By tomorrow we should be coming down out of minor flood stage with the river continuing to fall through the action stage, into just ‘high water’ by early next week. Fishing will be great once those gates go back in the water up at the Genoa dam!
Over the past several years it seems like the Miss is running higher than it used to, with ‘action’ stage coming 4 days after the Twin Cities gets much more than a sprinkle Common sense says we haven’t got THAT much rain this spring. Snowmelt hasn’t been part of the grand equation for almost 2 months now. So WHY is the River staying so high for so long?
Come to find out the Corps of Engineers has raised the normal pool levels north of St. Louis by about a foot, all the way upstream to accommodate barge traffic downstream. So now the ‘normal summer pool’ at Lansing will be 9′ instead of 8′. This move was made quietly without assessing impact on businesses and folks who live and work on the River and have become used to an 8′ pool OVER DECADES.
Back in the early 1800s, the Miss was essentially the Interstate. Congress mandated the Corps shall maintain a channel for navigation. This has always been priority #1. Back in the 1950s barge traffic diminished. Then engineers designed a new kind of propulsion system for the towboats. Now they can push bigger loads than ever before. Barges are displacement vessels. The more you load them, the more water they require. Three years ago, major towboat companies like Ingram and Marquette complained they needed more depth. The quickest, easiest way to achieve this is by holding water back behind the dams.
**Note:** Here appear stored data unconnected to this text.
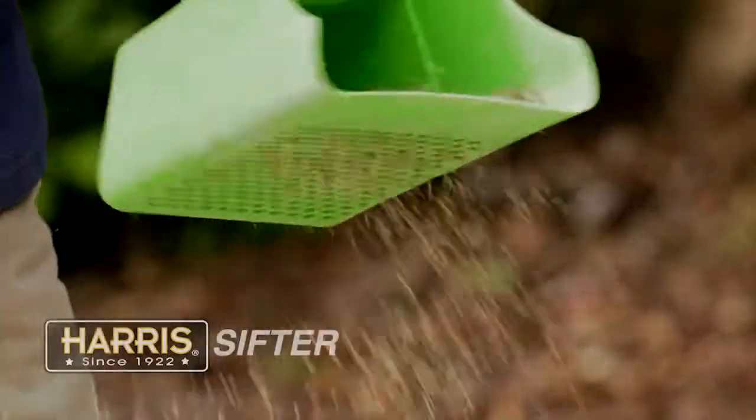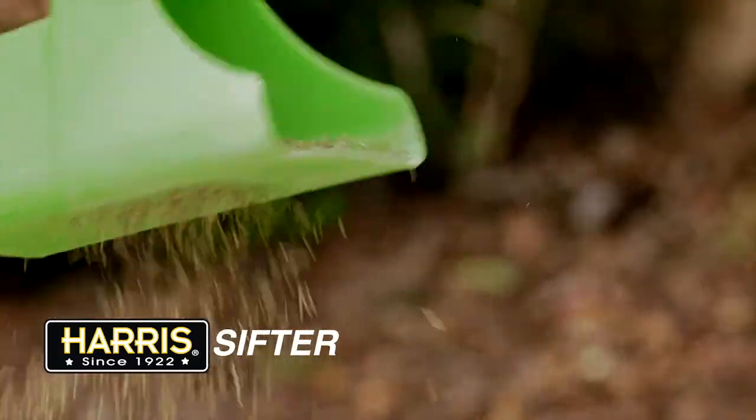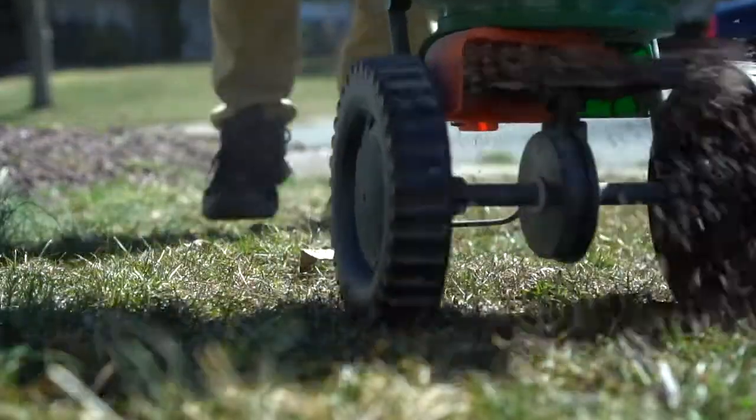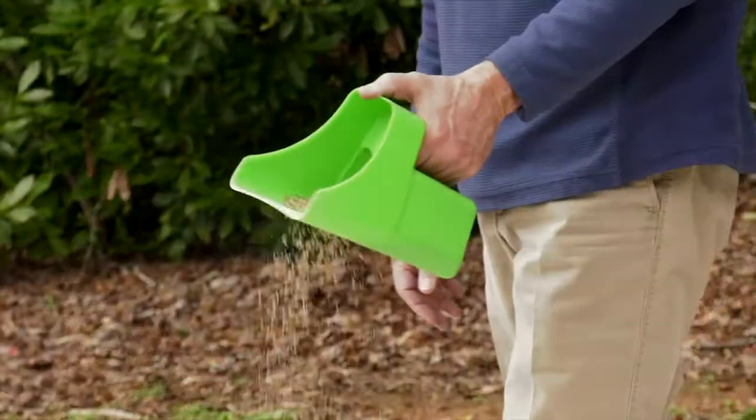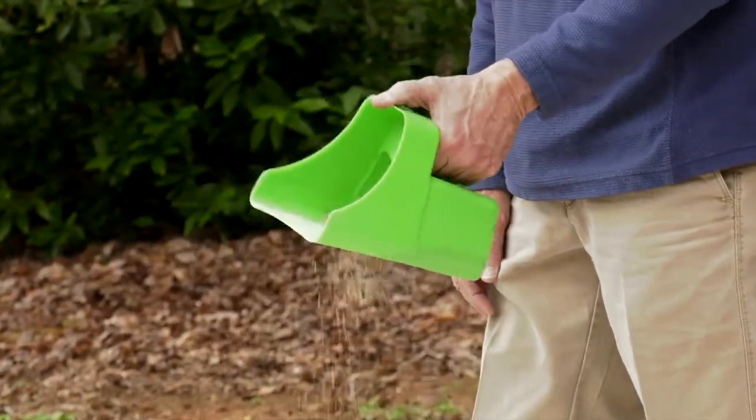For small area spreading of grass seed and fertilizer, use the Harris Sifter. It's great for applications in confined spaces. Spreaders are designed to throw a wide pattern over a large area. With the Harris Sifter you can lay down an accurate application in a small area without wasteful spread where you don't need it.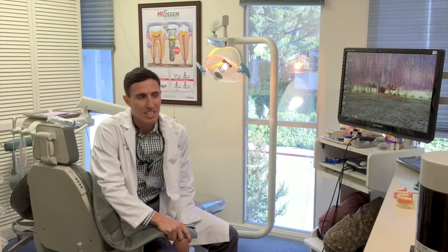Hello, I'm Dr. Gray Cantor here at Cantor Dental Group in San Rafael, California. Today, I want to talk about implant-retained dentures.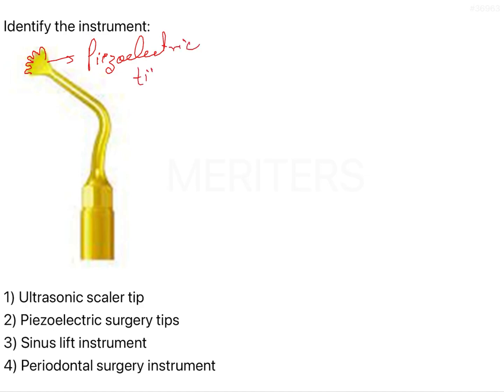It's not that piezoelectric tips will only have serrated heads — there will be other kinds of tips as well. But since serrated tips are specific to piezoelectric surgery, they are frequently asked in NEET MDS and even in the ICT exam. So mostly they'll give you the serrated-ended ones in questions.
So from now on the Miss will always run that much closer to very high water, and will reach flood stage more quickly.
When Congress came out with their mandate over 150 years ago, there was no such thing as sport fishing or tourism. In 2017 these industries generate financials far beyond what the handful of barge companies make. But the old paradigm still exists. When high water closes boat ramps, fishing and river use for pursuits other than running barges becomes difficult. This costs many millions of dollars in lost revenue, by thousands of guides, bait shops, restaurants, motels, gas stations, grocery stores…..
Most taxpayers who use the Mississippi River for purposes other than hauling corn and coal aren’t even aware they don’t have a voice in this situation. The Corps of Engineers does its best to blindly follow the congressional mandate. We voters/taxpayers have a voice if we choose to use it.
Of course, the barge companies have deep pockets and are very well connected with politicians, a few of which were probably around 150 years ago when the navigation priority was established. Term limits are the ONLY way we can get the USA back on track. Congress works on keeping themselves in power, not for us. But a normal pool level which is one foot lower and term limits are two things we’re not likely to see in the foreseeable future.